The taxonkit manual says that you have to order it, but I didn't this time.
How did you order it?
The taxonkit manual says that mmseqs2 databases require the taxondump to be ordered, and provides a script to do it, but it doesn't work as intended. This time, I built the database with the taxonid mapping file that taxonkit creates directly. Indeed, I didn't use the whole source taxonomy the last time, so that might have been the issue there. In any case, I will continue using this version and see if I see something strange or not.
Hello! I've been testing lately doing contig taxonomic assignation with MMSEQS easy-taxonomy and VEBA microeuk v3 database (built as I mentioned in the last comments). I've been comparing it with the MarFERReT db doing the same approach, and the results are very similar. So, it works great. I guess I'll have to build it for the new database version!

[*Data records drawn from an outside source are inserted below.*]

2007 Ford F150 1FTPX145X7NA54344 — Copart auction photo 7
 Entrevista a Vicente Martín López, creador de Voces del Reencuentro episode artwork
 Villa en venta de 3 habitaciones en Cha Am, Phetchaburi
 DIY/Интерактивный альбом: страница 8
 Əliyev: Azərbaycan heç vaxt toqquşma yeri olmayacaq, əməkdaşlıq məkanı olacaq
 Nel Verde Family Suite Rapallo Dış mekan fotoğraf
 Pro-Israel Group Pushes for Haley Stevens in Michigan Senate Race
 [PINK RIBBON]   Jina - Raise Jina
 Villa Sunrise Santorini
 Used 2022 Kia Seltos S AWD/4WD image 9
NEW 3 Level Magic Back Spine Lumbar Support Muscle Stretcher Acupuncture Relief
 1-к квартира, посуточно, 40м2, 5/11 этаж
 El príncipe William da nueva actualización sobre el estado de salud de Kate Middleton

I tested running the eukaryotic classify environment (it's running still the first version of the database, not v3) vs using mmseqs2 easy-taxonomy and summarizing the output manually. Using mmseqs2 turned out more accurate, but perhaps that has to do with the versions of the database being different. I guess this can also be used to assess "contamination", too.
I would like to know your insights on this matter!